## What is needed
Each line from the one containing "Pea Flower Switches Product Photo" through the final line of the records is to be repeated exactly, with no additions.

○ ○ ○ ○

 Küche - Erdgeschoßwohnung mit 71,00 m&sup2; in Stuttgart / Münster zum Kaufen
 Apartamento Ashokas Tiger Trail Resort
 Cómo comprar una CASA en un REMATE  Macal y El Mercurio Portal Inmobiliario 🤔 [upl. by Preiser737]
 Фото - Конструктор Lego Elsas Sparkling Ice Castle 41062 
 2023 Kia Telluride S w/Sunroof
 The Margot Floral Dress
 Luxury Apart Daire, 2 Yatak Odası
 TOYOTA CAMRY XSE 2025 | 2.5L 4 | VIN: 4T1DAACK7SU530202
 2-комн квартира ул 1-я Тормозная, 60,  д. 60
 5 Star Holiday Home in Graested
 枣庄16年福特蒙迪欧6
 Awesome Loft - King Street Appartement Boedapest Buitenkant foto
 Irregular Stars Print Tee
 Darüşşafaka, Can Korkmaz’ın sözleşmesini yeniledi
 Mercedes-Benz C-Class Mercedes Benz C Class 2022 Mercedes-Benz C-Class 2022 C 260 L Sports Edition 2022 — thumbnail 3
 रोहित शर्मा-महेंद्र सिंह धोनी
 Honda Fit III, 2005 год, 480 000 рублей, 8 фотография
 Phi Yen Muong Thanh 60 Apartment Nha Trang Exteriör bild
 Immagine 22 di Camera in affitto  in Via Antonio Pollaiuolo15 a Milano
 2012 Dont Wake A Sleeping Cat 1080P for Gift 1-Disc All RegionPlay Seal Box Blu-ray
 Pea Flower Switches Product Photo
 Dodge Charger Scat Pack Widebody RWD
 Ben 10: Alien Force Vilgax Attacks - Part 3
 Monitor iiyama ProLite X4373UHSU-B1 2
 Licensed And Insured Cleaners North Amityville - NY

○ ○ ○ ○

## Written response
 Pea Flower Switches Product Photo
 Dodge Charger Scat Pack Widebody RWD
 Ben 10: Alien Force Vilgax Attacks - Part 3
 Monitor iiyama ProLite X4373UHSU-B1 2
 Licensed And Insured Cleaners North Amityville - NY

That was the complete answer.